== Segment start ==

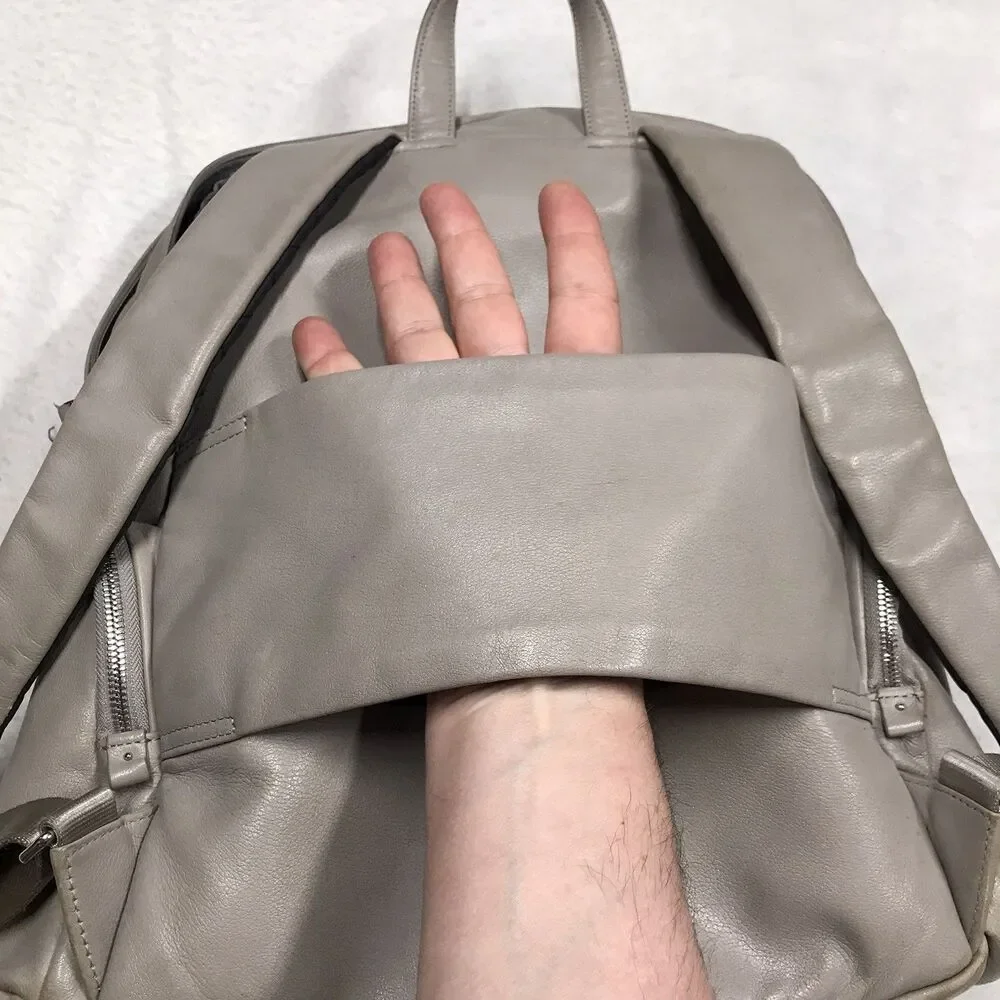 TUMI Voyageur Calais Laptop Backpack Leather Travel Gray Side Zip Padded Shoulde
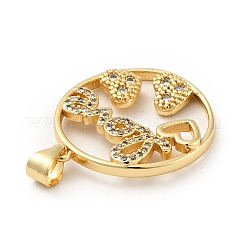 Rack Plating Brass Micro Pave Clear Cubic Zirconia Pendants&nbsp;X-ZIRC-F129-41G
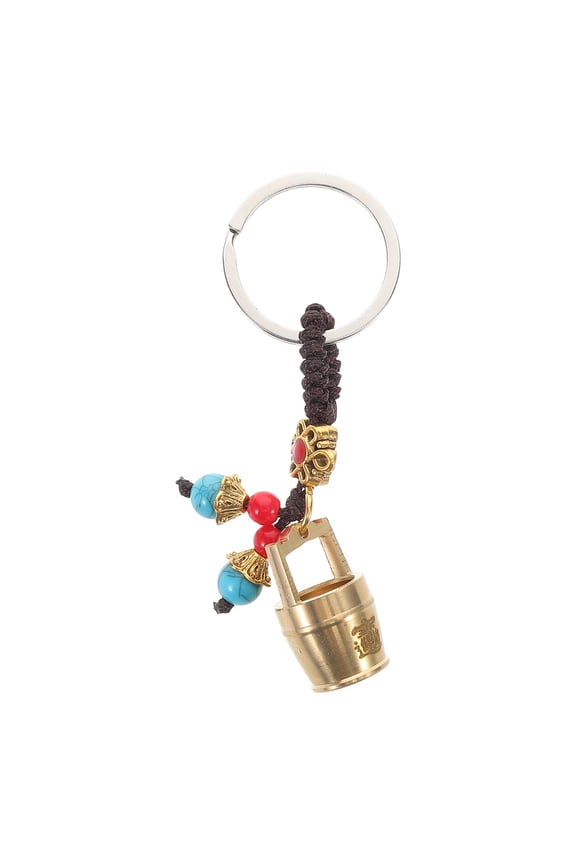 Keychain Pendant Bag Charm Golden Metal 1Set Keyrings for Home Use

== Segment end ==
== Segment start ==

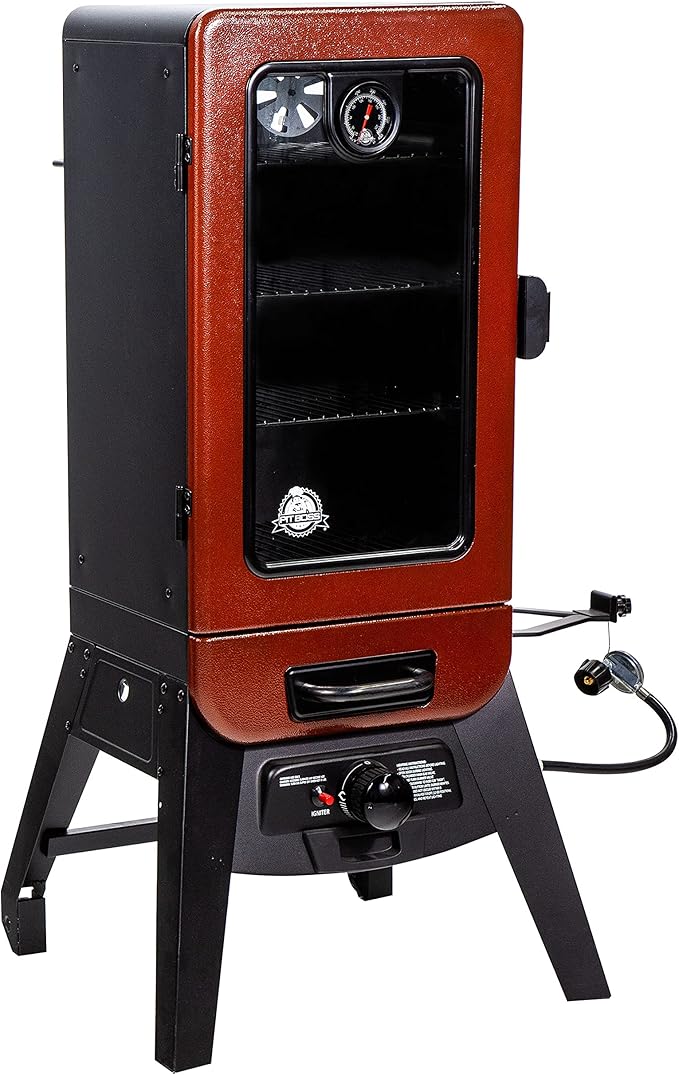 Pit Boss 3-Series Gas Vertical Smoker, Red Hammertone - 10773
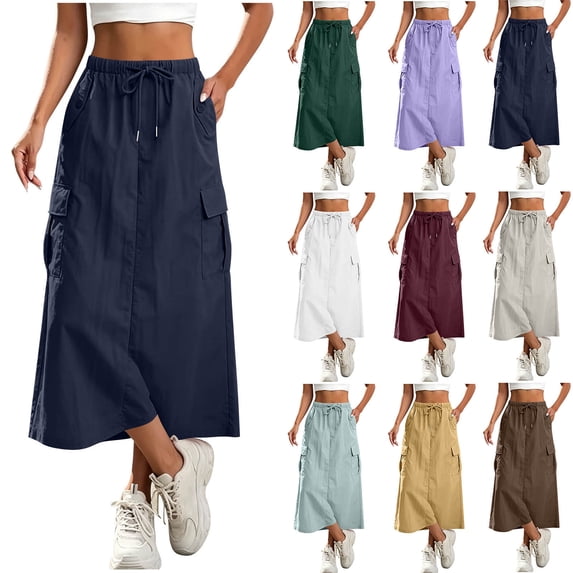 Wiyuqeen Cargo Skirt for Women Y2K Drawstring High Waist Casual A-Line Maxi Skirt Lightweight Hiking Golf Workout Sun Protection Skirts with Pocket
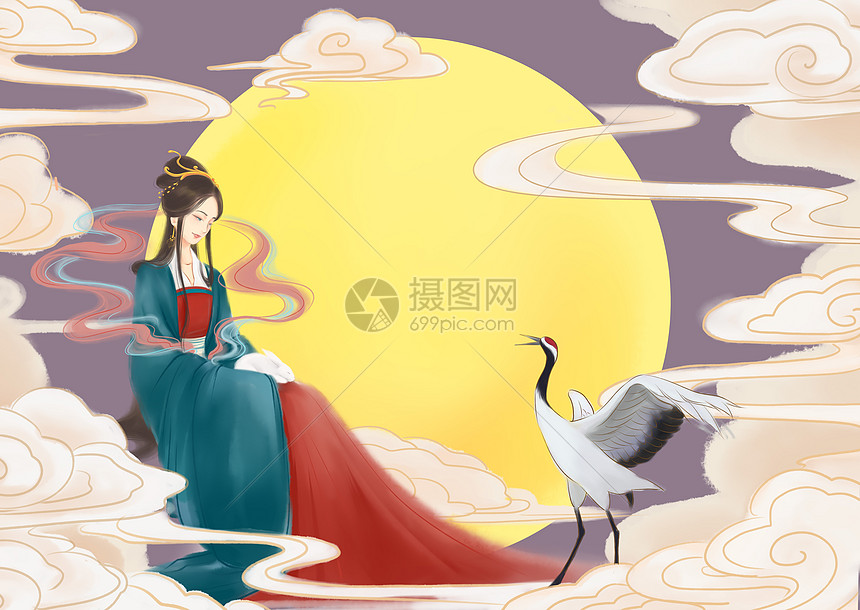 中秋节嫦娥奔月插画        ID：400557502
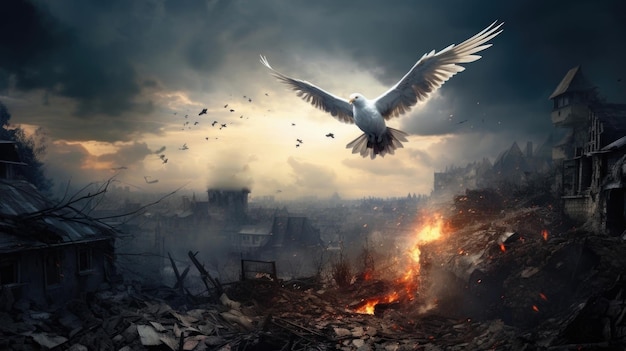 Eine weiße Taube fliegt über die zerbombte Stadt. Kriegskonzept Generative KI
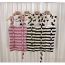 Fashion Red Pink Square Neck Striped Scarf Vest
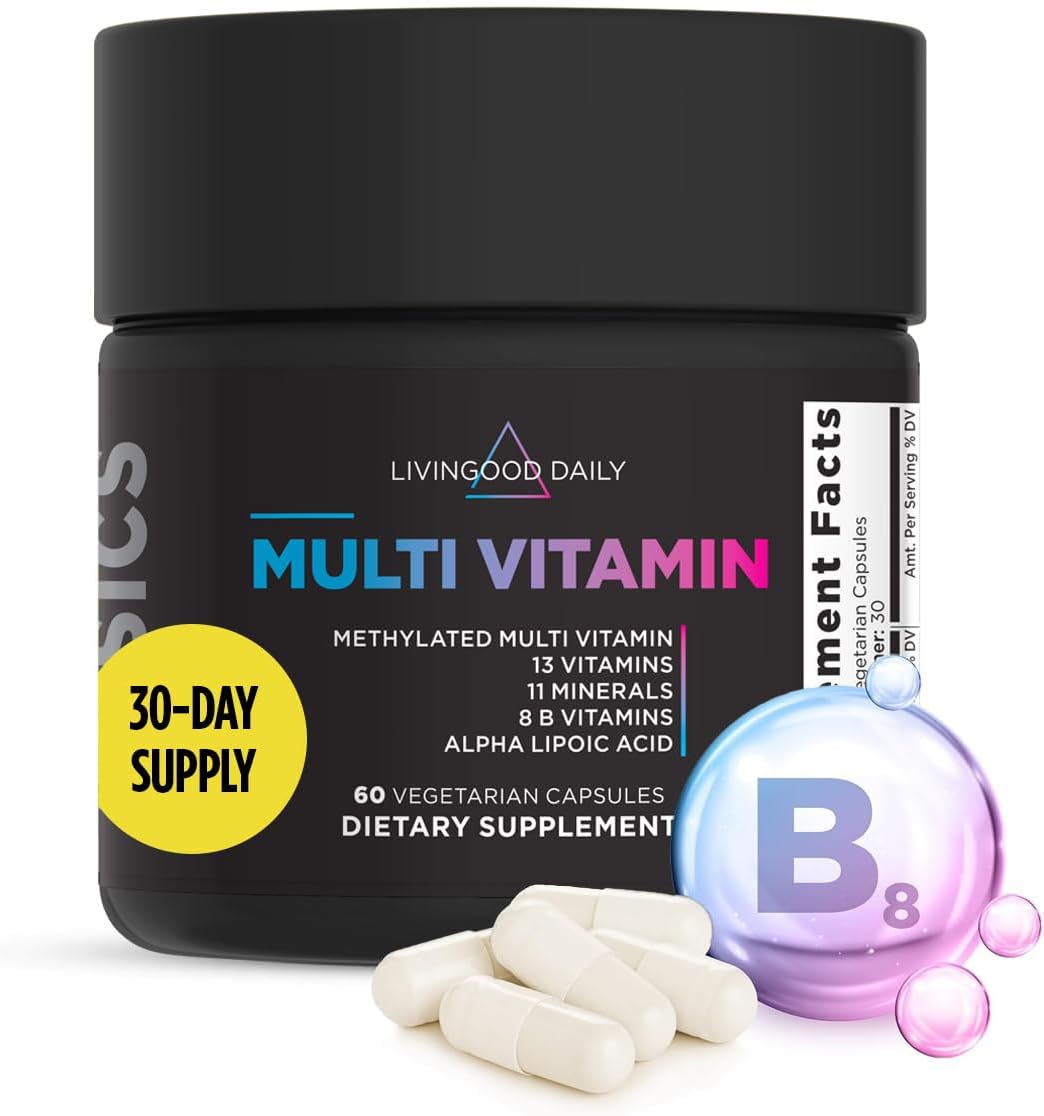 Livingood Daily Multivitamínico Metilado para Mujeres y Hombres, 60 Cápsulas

== Segment end ==
== Segment start ==

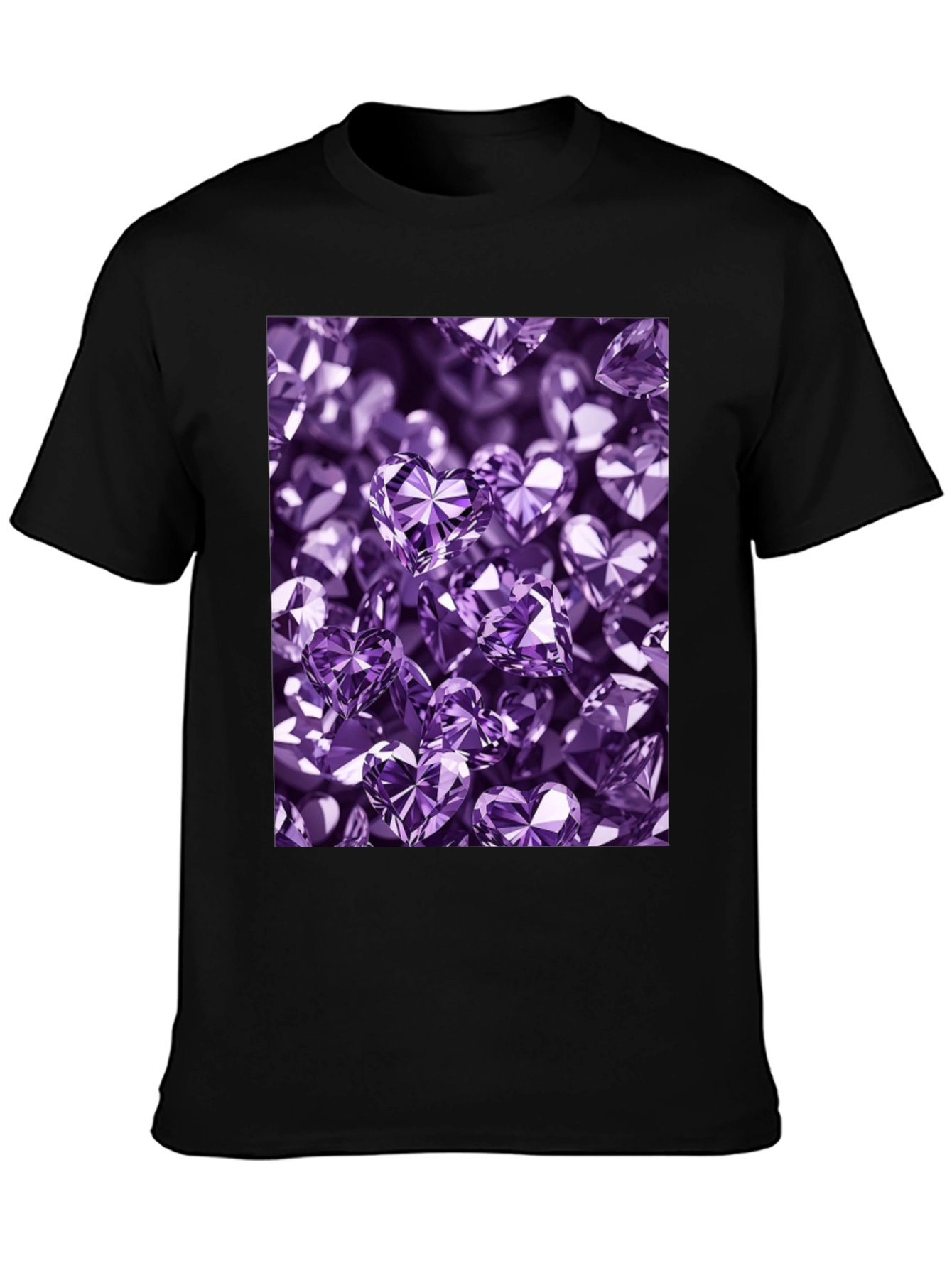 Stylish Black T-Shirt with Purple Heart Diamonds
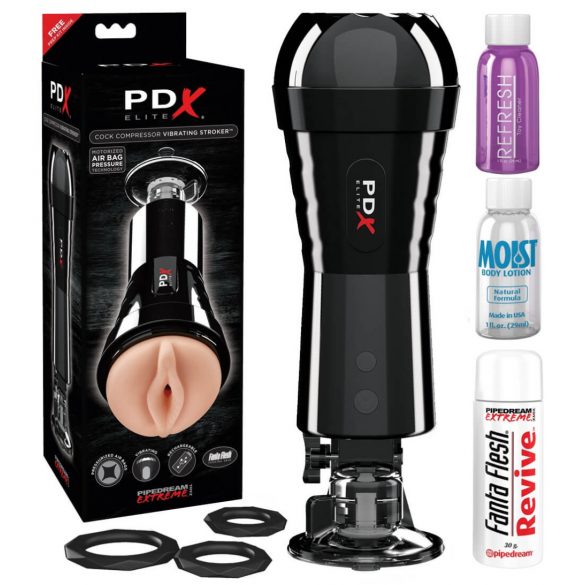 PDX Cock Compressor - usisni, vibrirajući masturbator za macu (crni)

== Segment end ==

## Aim of the task
Each line above starting at the one holding "TUMI Voyageur Calais" and ending at the one holding "Keychain Pendant Bag" should be set down exactly as it stands, both ends included, with no pictures.

## Solution for this exercise
 TUMI Voyageur Calais Laptop Backpack Leather Travel Gray Side Zip Padded Shoulde
 Rack Plating Brass Micro Pave Clear Cubic Zirconia Pendants&nbsp;X-ZIRC-F129-41G
 Keychain Pendant Bag Charm Golden Metal 1Set Keyrings for Home Use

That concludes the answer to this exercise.